Il est malin le Ruben Östlund. Alors que l’art contemporain est un thème objectivement clivant, il prend suffisamment de distance avec son sujet pour satisfaire chacun des deux camps, un tel exploit méritait bien une Palme d’or. The Square nous introduit auprès de la poignée de collectionneurs, conservateurs et journalistes suédois qui “fait“ la côte d’une camarilla d’artistes reconnus. Peu importe le support ou le sujet, que ce soit des alignements de pavés ou des tas de graviers, tout repose dans l’intention de l’installation, la suggestion, la provocation, la transgression et, au final, le buzz.
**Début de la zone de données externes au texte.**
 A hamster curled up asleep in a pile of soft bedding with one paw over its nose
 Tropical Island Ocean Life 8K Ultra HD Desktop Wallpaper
Néanmoins, la coterie prendra garde à ne défendre que le politiquement correct et la tolérance, la veuve et l’orphelin, le SDF et le réfugié.
Les vieux réacs se réjouiront de voir la vacuité artistique reconnue. Le musée est vide et les invités ne se pressent que les soirs de vernissage. Les bobos apprécieront l’élégance de Christian (Claes Bang), son intelligence et sa capacité d’adaptation. Le conservateur dépense avec aisance les dizaines de millions de couronnes de ses mécènes. J’en oublie le pitch du film : Christian est la victime d’artistes de rue qui le détroussent de ses papiers et de son téléphone. S’il s’autorise une bouffée de colère, il montrera courage, compassion et générosité.
Par une série de sketchs, plus ou moins liés entre eux, le scénario brode deux heures durant sur les conséquences du vol. La vie de Christian s’en trouve ébranlée. Une journaliste féministe, un gamin irascible, des communicants débridés, un artiste singe et un conseil d’administration veule se lieront contre lui. Il sauvera l’essentiel, son inaltérable bonne conscience.